The solution to this is to mount the volume using a sub-path for the deployment,
e.g. postgres-data
in the example below.
---
apiVersion: v1
kind: PersistentVolumeClaim
metadata:
name: postgresdb-pvc
namespace: postgres
spec:
accessModes:
- ReadWriteOnce
storageClassName: longhorn
resources:
requests:
storage: 10G
---
kind: Deployment
apiVersion: apps/v1
metadata:
namespace: postgres
name: postgres
labels:
app: postgres
spec:
replicas: 1
selector:
matchLabels:
app: postgres
template:
metadata:
labels:
app: postgres
spec:
containers:
- name: postgres
image: postgres:13
ports:
- name: postgres
containerPort: 5432
volumeMounts:
- name: postgresdb
mountPath: /var/lib/postgresql/data
subPath: postgres-data
envFrom:
- configMapRef:
name: postgres-config
volumes:
- name: postgresdb
persistentVolumeClaim:
claimName: postgresdb-pvc
I have occasionally seen the dashboard display a volume as being "degraded" and show the rebuilding status when hovering over it. This may have been when a new container was starting on another node. Will updated these notes further if this occurs regularly.

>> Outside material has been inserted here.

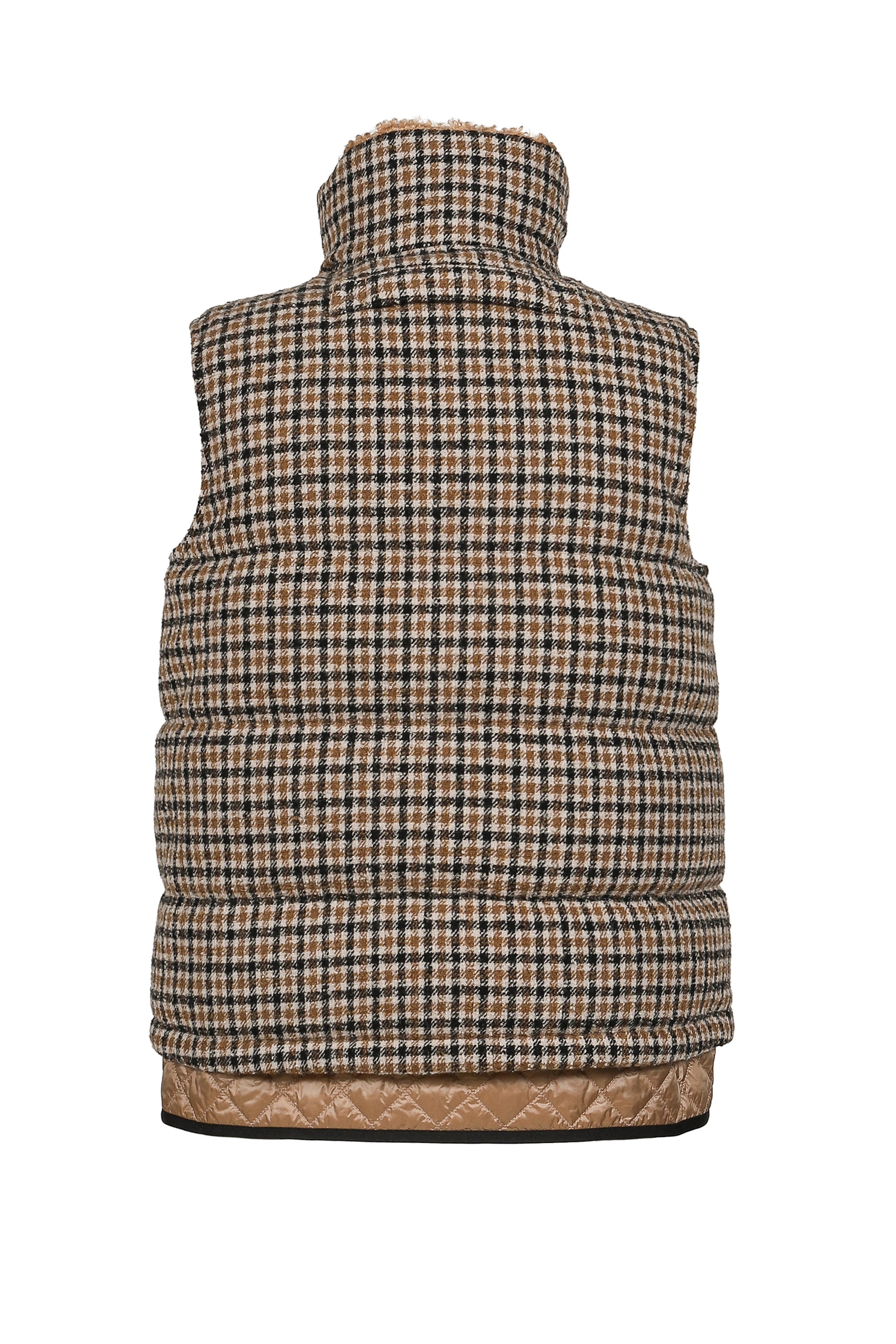 TOUVET VEST / GRY CHECK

If the Kubernetes cluster is not shutdown cleanly, e.g. the power is turned off
on the node without shutting down K3s first, then the pods may become orphaned
when the cluster is restarted. Kubernetes should be able to clean these up, but
there can be cases due to volume issues that it cannot. When this happens, the
logs will be spammed with the below error message when starting up the k3s
or
k3s-agent
services.
$ sudo journalctl -f -u k3s
kubelet_volumes.go:225] "There were many similar errors. Turn up verbosity to see them." err="orphaned pod \"97c98a18-b7d0-4dd3-bd9e-d98933c987cf\" found, but error not a directory occurred when trying to remove the volumes dir" numErrs=2
To resolve this issue you need to remove the files within this volume from the
disk on the node. In my experience so far these have only contained the
vol_data.json
file.
# Find the directory that contains the volume using the pod id on the same node as the error log
$ sudo ls -l /var/lib/kubelet/pods/97c98a18-b7d0-4dd3-bd9e-d98933c987cf/volumes/kubernetes.io~csi/
drwxr-x--- 2 root root 4096 Nov 3 06:56 pvc-eb653e02-8963-4739-86e5-c11a4db5675d
# Check the contents of the directory for the file Kubernetes is unable to remove
$ sudo ls -l /var/lib/kubelet/pods/97c98a18-b7d0-4dd3-bd9e-d98933c987cf/volumes/kubernetes.io~csi/pvc-eb653e02-8963-4739-86e5-c11a4db5675d
-rw-r--r-- 1 root root 289 Nov 3 06:56 vol_data.json
# Remove this file from the disk
$ sudo rm /var/lib/kubelet/pods/97c98a18-b7d0-4dd3-bd9e-d98933c987cf/volumes/kubernetes.io~csi/
pvc-eb653e02-8963-4739-86e5-c11a4db5675d/vol_data.json
When you check the logs again you will see the volume has been removed. The logs may show that another pod has failed for a similar reason so you will need to clean that up as well.
$ sudo journalctl -f -u k3s
kubelet_volumes.go:140] "Cleaned up orphaned pod volumes dir" podUID=97c98a18-b7d0-4dd3-bd9e-d98933c987cf path="/var/lib/kubelet/pods/97c98a18-b7d0-4dd3-bd9e-d98933c987cf/volumes"
Check the other server and agent nodes for the same issue and repeat this process if needed.